Software-Entwicklung in Autoindustrie

Digitalexperte: User Experience entscheidend für Erfolg
Bestimmte Rechnungen begleicht das MBUX-System von Mercedes bereits auf Knopfdruck. © Daimler

Chinesische Hersteller wie Nio, Aiways oder BYD drängen auf den deutschen Markt. Sie entwickeln sich zu ernstzunehmenden Konkurrenten für Audi & Co – auch wegen der ausgereiften Software und der User Experience. Ein Gastbeitrag.

Von Henry Bauer*

Es war Mitte 2022. Da war es VW-Chef Herbert Diess, der auf einer Betriebsversammlung in Wolfsburg der nächsten Generation von Apples Konnektivitätsplattform Carplay eine Absage erteilte. Diess wollte VW nicht zu einem Blechbieger degradieren lassen. Damals schwor Diess die Belegschaft auf die eigene Software-Entwicklung durch die VW-Tochter Cariad ein.

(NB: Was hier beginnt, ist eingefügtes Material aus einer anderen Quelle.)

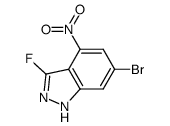 6-bromo-3-fluoro-4-nitro-1H-indazole Structure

Dass zukünftig nur Apple und Google mit Software und den damit einhergehenden Diensten Geld verdienen, wollte Diess nicht zulassen. Der VW-Chef wollte die Software-Kompetenz im eigenen Haus haben. Dass man aus einem Autobauer wie VW mit seinen Marken indes nicht über Nacht ein Softwareunternehmen machen kann, zeigen die nicht enden wollenden Probleme um Cariad. Sie führten bei der Modellentwicklung wie beispielsweise beim elektrischen Porsche Macan zu Verzögerungen. Doch Diess ist längst nicht mehr VW-Chef; auch die Probleme bei Cariad kosteten ihn den Job.

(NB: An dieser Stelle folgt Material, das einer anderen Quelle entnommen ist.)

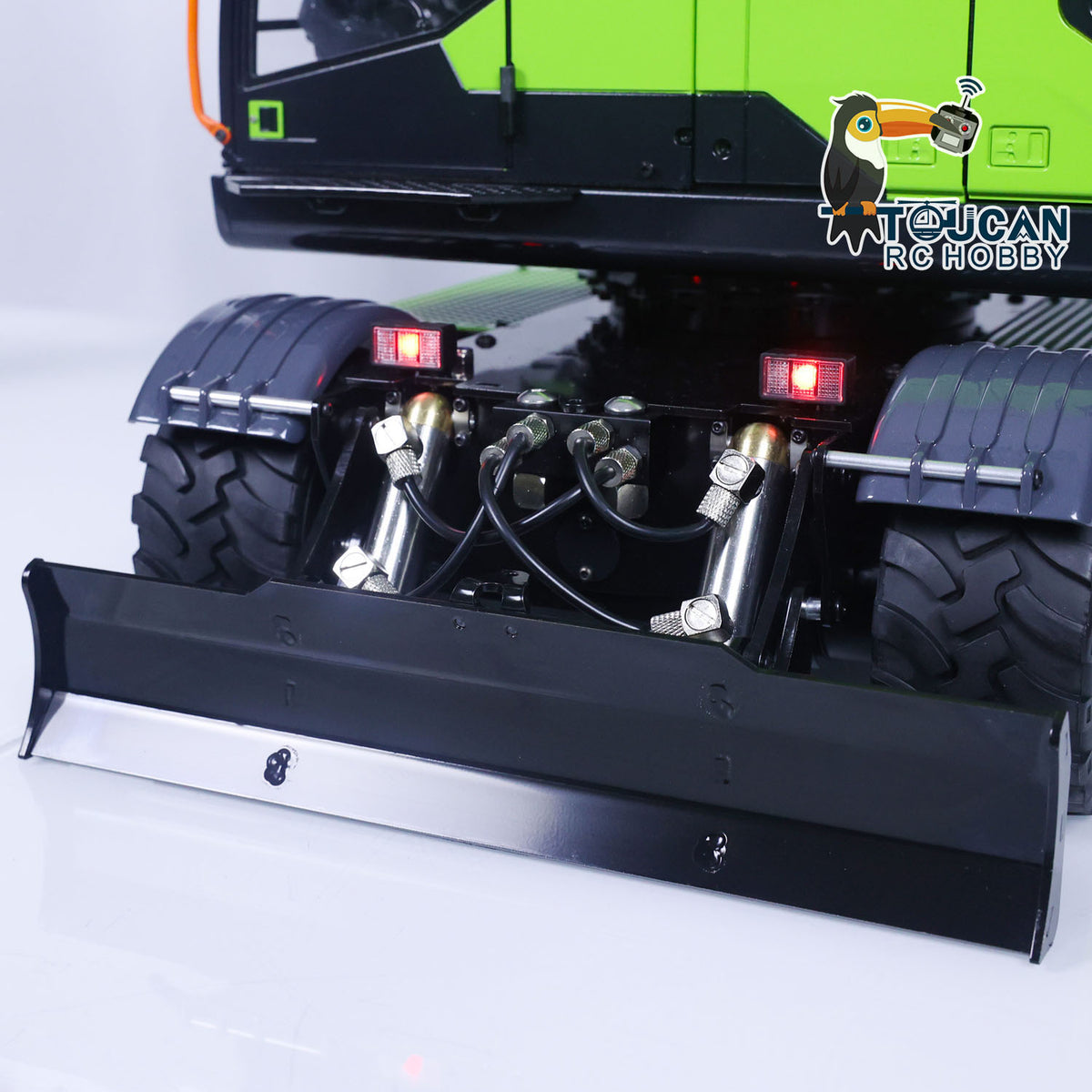 TOUCAN RC HOBBY MTModel EC380 Metal 1/14 3 Arms RC Hydraulic Excavator Tiltable Bucket 8-way Reversing Valve FlySky PL18EV Radio Controller Sound System for Adult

Software hat auch unter Blume hohe Priorität

Nachfolger Oliver Blume selbst hält nicht mehr an den Zielen seines Vorgängers von 60 Prozent Eigenentwicklung bei der Software fest. Aber auch für Blume genießt das Thema Software eine hohe Priorität. Er hält an der Vision fest, den Autobauer zu einem softwarebasierten Mobilitätsanbieter zu machen. In einem Interview mit der Börsen-Zeitung stellt Blume unlängst fest, dass man bei der Software-Entwicklung zu viel auf einmal gewollt hätte. „Wir haben die einzelnen Software-Generationen jetzt entflochten und in ein sinnvolles Zeitgerüst gesetzt, um sie den passenden Fahrzeugen zuzuordnen“, sagte Blume der Börsen-Zeitung.

Zugleich würde man die Kernkompetenzen bei der Software neu definieren. Dazu gehöre auch, mit welchem Partner man zusammenarbeiten könne. Ein zu ambitionierter Zeitplan wurde kurz vor dem Jahreswechsel auch von der IG Metall kritisiert.

Services stecken in Kinderschuhen

Wer in moderne Autos schaut, der sieht dort mittlerweile Digitalcockpits und -In-Vehicle-Infotainmant-Systeme, die mit Connected Services kommen. Doch noch stecken bei vielen Herstellern die Services in den Kinderschuhen. Gerade die deutschen Anbieter verlieren in China Marktanteile. Dort sind Hersteller wie Nio, die seit letztem Jahr auch in Deutschland zu haben sind, gerade in den digitalen Funktionen schon viel weiter als deutsche Hersteller. Hierbei geht es nicht nur darum, über bestimmte Funktionen zu verfügen, sondern darum, wie sie ins Fahrzeug eingebettet sind. Es geht darum, wie es sich anfühlt, die Funktion zu bedienen. So wie wir die Verarbeitung des Lenkrads mit den Händen fühlen können, ist bei Software die User Experience entscheidend.

VW bietet für alle Kunden eines ID Software-Updates Over-the-Air. Foto: VW

Warum ist die User Experience entscheidend? Lassen Sie mich ein Beispiel nennen – und mit Apple anfangen, also der Marke, die für viele Nutzerinnen und Nutzer für eine einfache und intuitive Bedienung steht. Für mich hat nicht Apple mit seinem ersten iPhone das beste Smartphone gebaut. Ich selbst hatte damals, es war im Jahr 2002, ein Siemens Loox mit einem GPRS-Modul. Berits mit ihm konnte ich Webseiten ansurfen, eMails schreiben etc. Doch als Apple 2007 das iPhone auf den Markt brachte, waren die Kundinnen und Kunden geradezu aus dem Häuschen.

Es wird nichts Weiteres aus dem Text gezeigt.